2.1. Characteristics and mechanisms of particle adhesion patterns in cyclone
In this section, characteristics and mechanisms of particle adhesion patterns were studied Particle adhesion patterns were visualised during and after the experiment and explanations for experimental observations were given.
2.1.1. Experiment setup
The test rig to investigate particle adhesion patterns consisted of a triboelectric charge generator (TCG), a cyclone, a fibre filter, an air pump with a pump voltage adjustor and sensors for pressure and air mass flow rate measurement. A detailed description of test rig can be found in . The air mass flow rate of the cyclone was fixed at 2.1 g/s. Four particle load rates were tested. They were 0.28, 0.60, 0.75, and 0.96 g/m3, respectively. The duration of each test was 20 min. The environmental temperature and humidity during the experiment was 20 ± 2°C and 50 ± 5% RH, respectively. The variation of room pressure was less than 5% of 101 kPa.
2.1.2. Experiment results
After the experiment, pictures of particle adhesion patterns were taken. It was found that there were three types of particle adhesion patterns in cyclone. One was large-scale spiral patterns (SPs), one was small-scale wave patterns (WPs) and the last one was the thick adhesion layer (TAL), which was within 10 mm away from cyclone tip, as shown in Figure 2. Large-scale SPs were spiral lines that started from the upper part of the conical part and ended at the cyclone tip. It was found that SPs was caused by the spiral particle trajectory in cyclone . Moreover, the TAL was a sudden increment of thickness of particle adhesion near the cyclone tip. It was believed that the cause for the TAL was due to the low wall shear stress induced by the precessional bent vortex end (PBVE) at the cyclone tip . In addition, small-scale WPs were found to be embedded in the large-scale SPs. The WPs were similar to droplet patterns and chevron patterns [7, 8]. They were small-scale approximate periodic discrete patterns in the cyclone.

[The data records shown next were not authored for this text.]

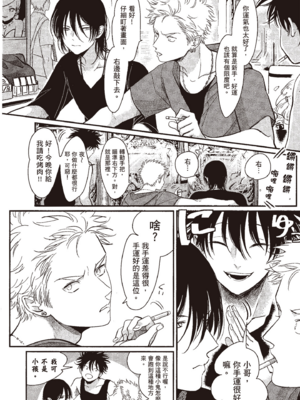 [はらだ] やたもも 3 [中国翻訳] [DL版]_118_117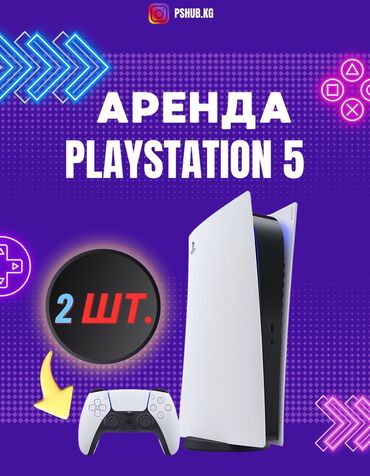 плейстейшен 5 бишкек: 🎮 Выгодная аренда PlayStation 5! 🎮 🔥 Идеальные условия для настоящих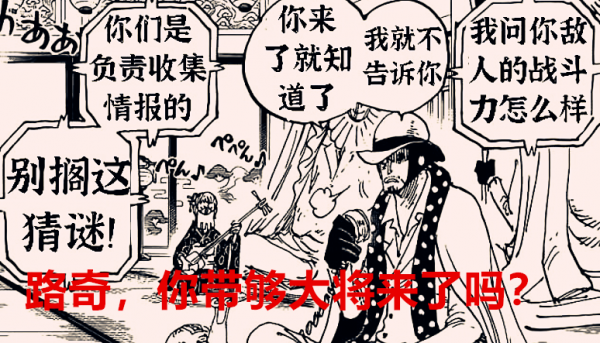 海賊王1028話分析：路奇起碼要帶三個大將，才有資格來收割和之國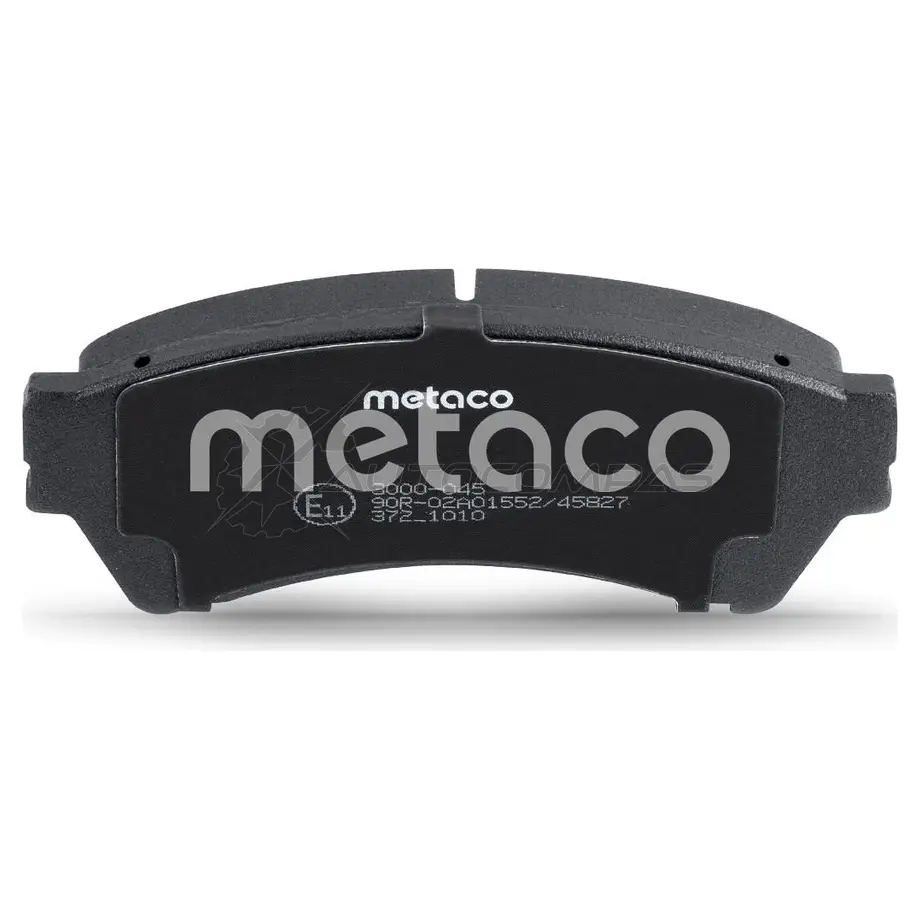 Тормозные колодки передние комплект METACO 1439845472 9ABG OUP 3000-045 изображение 4
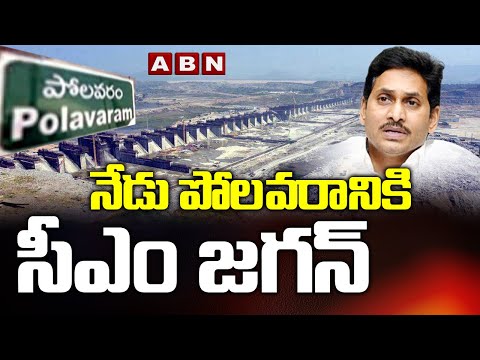 AP CM Jagan to visit Polavaram project today AP CM Jagan to visit Polavaram project today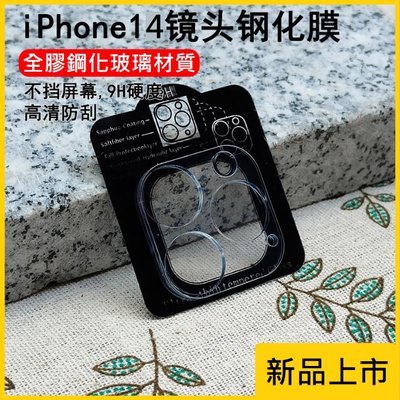 iPhone14 鏡頭保護貼 iPhone14 Pro Max鏡頭貼 iPhone14/14+/Pro/Max 鏡頭貼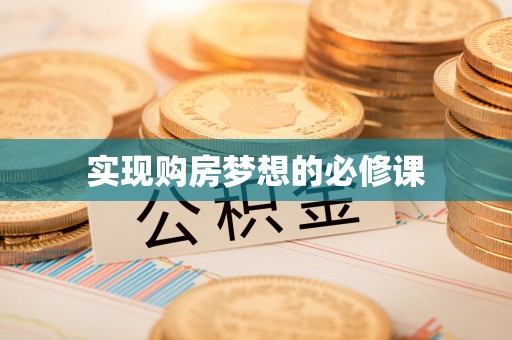 阳曲实现购房梦想的必修课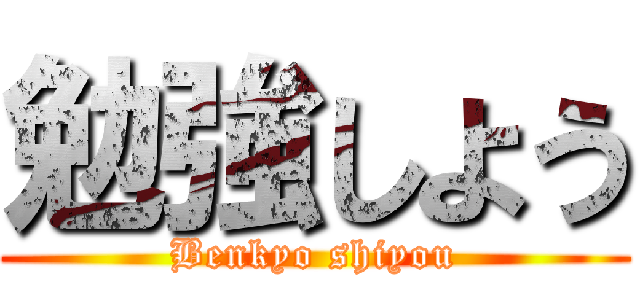 勉強しよう (Benkyo shiyou)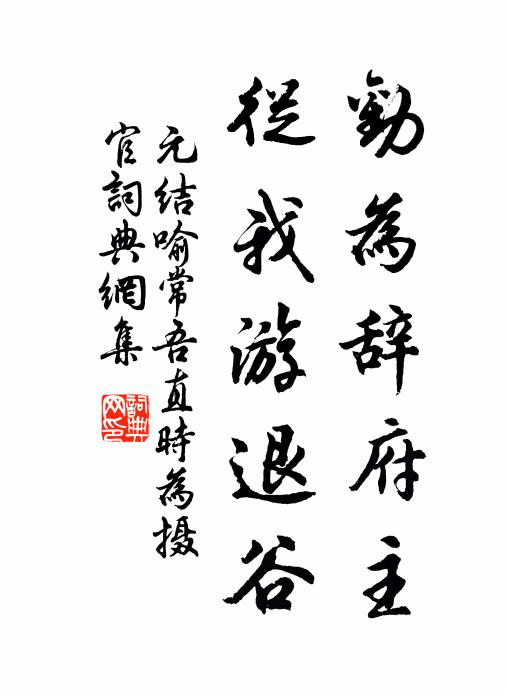 朝服踐狼居，凱歌旋馬邑 詩詞名句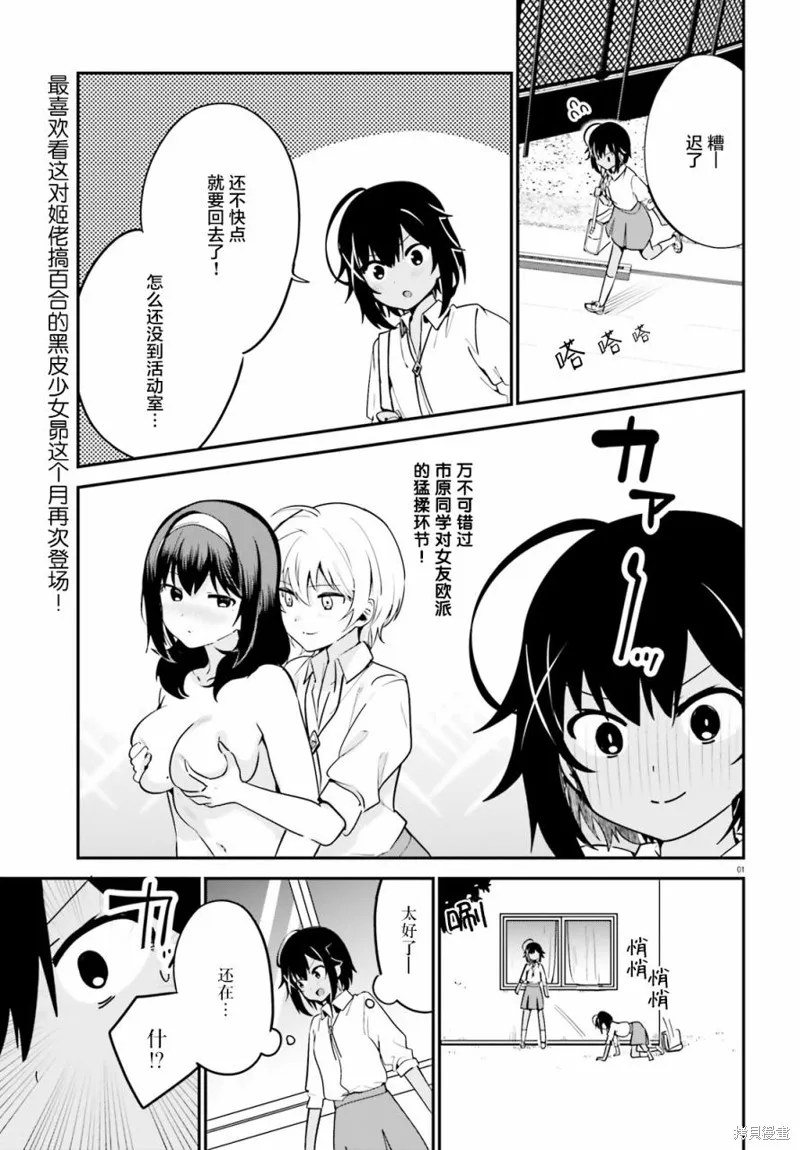 第36话 第1页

By using a transparent conical part of the cyclone, the development of particle adhesion patterns was visualised during the experiment at the highest particle load rate condition (0.96 g/m3). The WPs was found to creep against the air flow direction, as shown in Figure 3. The white mark window tracked the same individual WP and the vertical arrow was fixed as a reference location. Comparing different frames in Figure 3, the relative location between the mark window and reference arrow had been changed. It meant that the individual WP moved against the air flow direction, because the air flow direction was from the right to left. However, the creeping velocity of the WP was slow, as it only moved less than 2 mm in 10 s, which meant the creeping velocity was less than 0.2 mm/s. For other WPs, similar motions were found as well.
The formation of SPs and TAL was explained by the spiral particle trajectory and weak wall shear stress induced by PBVE, respectively . In addition, a hypothesis was proposed to explain the formation of WPs. The mechanism of the WPs creeping against the air flow direction was comparable to the mechanism of slowly moving sand dune, as shown in Figure 4. The movement of the WPs and sand dune was affected by the particle deposition and removal. For the sand dune, the sand particles were removed on the windward side and deposited on the leeward side. Therefore, the sand dune slowly moved in the air flow direction. However, for the cyclone, the particles deposited on the windward side and were removed on the leeward side (may be due to flow separation). Thus, the WPs moved against air flow direction. Since the accumulation of particles on the windward side of WPs required time, the WPs moved slowly.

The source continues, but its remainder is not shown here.